Et ce vol, s’il n’est pas encore reconnu comme tel, ne l’empêche pas de ressembler à un vol, d’avoir les conséquences d’un vol, et de profiter au voleur au détriment de l’ensemble de la société. La moindre des choses serait de criminaliser l’évitement fiscal abusif !
Le cas d’Irving exemplifie parfaitement les trois piliers de notre campagne : démasquer, condamner, encaisser.
DÉMASQUER, parce que si ce n’était pas des fuites de documents comme celle des Paradises Papers mis au jour par le Consortium International du Journalisme d’Investigation, nous ne saurions toujours pas que le bénéficiaire ultime de l’Irving Oil Company est la fiducie « The ALI Family No. 1 Trust » créer aux Bermudes par Arthur Irving. Comme nous le demandons depuis des années, le Canada doit mettre en place un registre public des bénéficiaires effectifs afin de démasquer qui en fin de compte bénéficie des montages financiers des grands groupes de sociétés. Le Canada doit cependant aller plus loin et faire, également, la promotion d’un cadastre financier mondial afin de permettre de croiser les données entre les différents registres nationaux et donner une cartographie adéquate des corridors financiers utilisés par ceux qui pratiquent l’évitement fiscal abusif.
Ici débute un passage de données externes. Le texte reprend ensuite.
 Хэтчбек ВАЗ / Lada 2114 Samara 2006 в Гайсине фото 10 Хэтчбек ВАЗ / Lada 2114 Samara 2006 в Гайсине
CONDAMNER, parce qu’il est injuste et délétère pour la stabilité de nos sociétés de laisser de tels actes impunis. L’évitement fiscal abusif doit être criminalisé au même titre que l’est l’évasion fiscale. Nous vous invitons d’ailleurs à lire notre mémoire à ce sujet qui a été présenté aux consultations publiques portant sur la réforme de la Règle Générale Anti-Évitement.
ENCAISSER, parce que la fortune des Irving a été produite au Canada grâce au dur labeur des néo-brunswickois, grâce aux subventions provinciales et fédérales, parce que sans la société et ses institutions cette fortune n’existerait pas, il est nécessaire et important d’aller chercher les sommes évitées afin que tant la société et ses institutions puissent subvenir à leurs propres besoins.